Yoshiya había hecho ademán de negarlo, pero el señor Tabata había asentido en silencio.
—Esto no importa. La vida en este mundo no es más que un fugaz sueño de dolor y yo, gracias a la guía del Señor, he logrado llegar hasta aquí. Pero, antes de morir, hay algo que tienes que saber. Me da mucha vergüenza decírtelo, pero debo hacerlo. Y es que yo, muchas veces, he tenido pensamientos impuros respecto a tu madre. Como tú ya sabes, tengo familia y la quiero con toda el alma. Además, tu madre posee un corazón puro. A pesar de ello, he deseado ardientemente su cuerpo. Y no he podido evitar este pensamiento. Quiero pedirte perdón por ello.
«No tienes por qué pedir disculpas. Tú no has sido el único que ha tenido pensamientos impuros. A mí mismo, que soy su hijo, aún ahora me acosa esta obsesión.» Yoshiya hubiese querido confesárselo. Pero habría perturbado al señor Tabata de modo innecesario. Yoshiya tomó la mano del señor Tabata en silencio, la mantuvo entre las suyas durante largo tiempo. Intentó comunicarle a través de aquella mano los pensamientos de su corazón. «Nuestros corazones no son de piedra. Las piedras pueden deshacerse. Pueden perder su forma. Pero nuestros corazones no pueden desintegrarse. Pueden legar su forma inexistente, sea buena o sea mala, hasta el infinito. Porque todos los hijos de Dios bailan.» Al día siguiente, el señor Tabata expiró.

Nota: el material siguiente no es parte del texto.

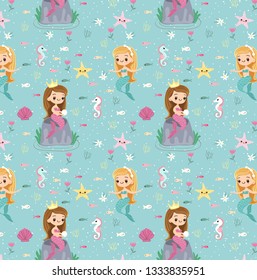 mermaid and freind seamless pattern/background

Acuclillado en el montículo del lanzador, Yoshiya se abandonó al fluir del tiempo. A lo lejos se oyó la sirena de una ambulancia. Una ráfaga de viento hizo bailar la hierba, se congratuló por la canción que generaba el paso de la brisa entre las briznas, luego cesó.
«Dios mío», dijo Yoshiya en voz alta.